WORK REQUEST:
Your response should consist of the entries below, written out exactly.

__________________________________________________

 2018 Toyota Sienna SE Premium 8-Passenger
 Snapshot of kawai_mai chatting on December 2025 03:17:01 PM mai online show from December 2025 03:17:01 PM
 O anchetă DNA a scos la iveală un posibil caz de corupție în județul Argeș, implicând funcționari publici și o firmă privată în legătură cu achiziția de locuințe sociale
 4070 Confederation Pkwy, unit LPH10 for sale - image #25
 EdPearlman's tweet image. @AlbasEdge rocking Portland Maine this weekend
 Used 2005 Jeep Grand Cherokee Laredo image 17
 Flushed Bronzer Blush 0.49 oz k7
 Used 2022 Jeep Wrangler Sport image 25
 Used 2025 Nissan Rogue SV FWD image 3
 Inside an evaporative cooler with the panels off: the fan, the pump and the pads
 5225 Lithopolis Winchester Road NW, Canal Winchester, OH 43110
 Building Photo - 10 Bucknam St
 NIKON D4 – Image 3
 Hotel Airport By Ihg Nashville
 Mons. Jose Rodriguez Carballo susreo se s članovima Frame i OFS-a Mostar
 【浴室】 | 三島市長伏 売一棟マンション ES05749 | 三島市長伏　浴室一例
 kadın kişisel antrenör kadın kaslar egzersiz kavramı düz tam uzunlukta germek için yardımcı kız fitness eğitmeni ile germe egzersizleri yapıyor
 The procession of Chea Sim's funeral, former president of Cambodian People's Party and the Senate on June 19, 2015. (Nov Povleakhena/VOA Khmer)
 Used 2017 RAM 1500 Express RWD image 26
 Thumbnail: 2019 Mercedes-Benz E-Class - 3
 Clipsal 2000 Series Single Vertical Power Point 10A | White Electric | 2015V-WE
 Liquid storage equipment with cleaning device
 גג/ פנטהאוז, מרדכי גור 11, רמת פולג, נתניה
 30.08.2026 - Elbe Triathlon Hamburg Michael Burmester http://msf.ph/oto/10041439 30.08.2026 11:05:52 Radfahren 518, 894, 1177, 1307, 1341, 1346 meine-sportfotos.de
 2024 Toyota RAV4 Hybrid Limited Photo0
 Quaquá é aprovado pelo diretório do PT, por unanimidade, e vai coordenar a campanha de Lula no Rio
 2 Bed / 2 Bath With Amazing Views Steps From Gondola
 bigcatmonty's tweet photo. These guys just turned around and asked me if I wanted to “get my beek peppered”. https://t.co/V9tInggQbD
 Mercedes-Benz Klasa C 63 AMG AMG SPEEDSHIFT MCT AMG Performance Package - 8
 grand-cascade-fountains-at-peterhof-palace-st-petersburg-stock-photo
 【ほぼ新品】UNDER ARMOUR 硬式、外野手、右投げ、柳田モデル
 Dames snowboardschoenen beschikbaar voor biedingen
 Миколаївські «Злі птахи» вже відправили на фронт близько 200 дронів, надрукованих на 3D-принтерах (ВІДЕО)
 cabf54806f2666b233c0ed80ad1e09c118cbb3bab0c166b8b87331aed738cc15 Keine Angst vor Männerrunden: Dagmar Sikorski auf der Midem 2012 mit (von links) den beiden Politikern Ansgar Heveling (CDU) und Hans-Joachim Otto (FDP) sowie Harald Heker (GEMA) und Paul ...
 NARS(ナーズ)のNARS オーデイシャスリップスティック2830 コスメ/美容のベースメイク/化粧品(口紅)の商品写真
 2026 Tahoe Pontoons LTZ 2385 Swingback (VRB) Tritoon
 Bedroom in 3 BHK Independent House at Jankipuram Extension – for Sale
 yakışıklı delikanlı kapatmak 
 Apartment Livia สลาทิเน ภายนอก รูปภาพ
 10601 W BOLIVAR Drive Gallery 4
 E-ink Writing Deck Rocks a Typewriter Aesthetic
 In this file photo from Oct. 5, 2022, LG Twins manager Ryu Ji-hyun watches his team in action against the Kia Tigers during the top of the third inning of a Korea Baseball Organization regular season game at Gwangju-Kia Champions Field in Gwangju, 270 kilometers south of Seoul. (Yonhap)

__________________________________________________

SOLUTION TO THIS EXERCISE:
 2018 Toyota Sienna SE Premium 8-Passenger
 Snapshot of kawai_mai chatting on December 2025 03:17:01 PM mai online show from December 2025 03:17:01 PM
 O anchetă DNA a scos la iveală un posibil caz de corupție în județul Argeș, implicând funcționari publici și o firmă privată în legătură cu achiziția de locuințe sociale
 4070 Confederation Pkwy, unit LPH10 for sale - image #25
 EdPearlman's tweet image. @AlbasEdge rocking Portland Maine this weekend
 Used 2005 Jeep Grand Cherokee Laredo image 17
 Flushed Bronzer Blush 0.49 oz k7
 Used 2022 Jeep Wrangler Sport image 25
 Used 2025 Nissan Rogue SV FWD image 3
 Inside an evaporative cooler with the panels off: the fan, the pump and the pads
 5225 Lithopolis Winchester Road NW, Canal Winchester, OH 43110
 Building Photo - 10 Bucknam St
 NIKON D4 – Image 3
 Hotel Airport By Ihg Nashville
 Mons. Jose Rodriguez Carballo susreo se s članovima Frame i OFS-a Mostar
 【浴室】 | 三島市長伏 売一棟マンション ES05749 | 三島市長伏　浴室一例
 kadın kişisel antrenör kadın kaslar egzersiz kavramı düz tam uzunlukta germek için yardımcı kız fitness eğitmeni ile germe egzersizleri yapıyor
 The procession of Chea Sim's funeral, former president of Cambodian People's Party and the Senate on June 19, 2015. (Nov Povleakhena/VOA Khmer)
 Used 2017 RAM 1500 Express RWD image 26
 Thumbnail: 2019 Mercedes-Benz E-Class - 3
 Clipsal 2000 Series Single Vertical Power Point 10A | White Electric | 2015V-WE
 Liquid storage equipment with cleaning device
 גג/ פנטהאוז, מרדכי גור 11, רמת פולג, נתניה
 30.08.2026 - Elbe Triathlon Hamburg Michael Burmester http://msf.ph/oto/10041439 30.08.2026 11:05:52 Radfahren 518, 894, 1177, 1307, 1341, 1346 meine-sportfotos.de
 2024 Toyota RAV4 Hybrid Limited Photo0
 Quaquá é aprovado pelo diretório do PT, por unanimidade, e vai coordenar a campanha de Lula no Rio
 2 Bed / 2 Bath With Amazing Views Steps From Gondola
 bigcatmonty's tweet photo. These guys just turned around and asked me if I wanted to “get my beek peppered”. https://t.co/V9tInggQbD
 Mercedes-Benz Klasa C 63 AMG AMG SPEEDSHIFT MCT AMG Performance Package - 8
 grand-cascade-fountains-at-peterhof-palace-st-petersburg-stock-photo
 【ほぼ新品】UNDER ARMOUR 硬式、外野手、右投げ、柳田モデル
 Dames snowboardschoenen beschikbaar voor biedingen
 Миколаївські «Злі птахи» вже відправили на фронт близько 200 дронів, надрукованих на 3D-принтерах (ВІДЕО)
 cabf54806f2666b233c0ed80ad1e09c118cbb3bab0c166b8b87331aed738cc15 Keine Angst vor Männerrunden: Dagmar Sikorski auf der Midem 2012 mit (von links) den beiden Politikern Ansgar Heveling (CDU) und Hans-Joachim Otto (FDP) sowie Harald Heker (GEMA) und Paul ...
 NARS(ナーズ)のNARS オーデイシャスリップスティック2830 コスメ/美容のベースメイク/化粧品(口紅)の商品写真
 2026 Tahoe Pontoons LTZ 2385 Swingback (VRB) Tritoon
 Bedroom in 3 BHK Independent House at Jankipuram Extension – for Sale
 yakışıklı delikanlı kapatmak 
 Apartment Livia สลาทิเน ภายนอก รูปภาพ
 10601 W BOLIVAR Drive Gallery 4
 E-ink Writing Deck Rocks a Typewriter Aesthetic
 In this file photo from Oct. 5, 2022, LG Twins manager Ryu Ji-hyun watches his team in action against the Kia Tigers during the top of the third inning of a Korea Baseball Organization regular season game at Gwangju-Kia Champions Field in Gwangju, 270 kilometers south of Seoul. (Yonhap)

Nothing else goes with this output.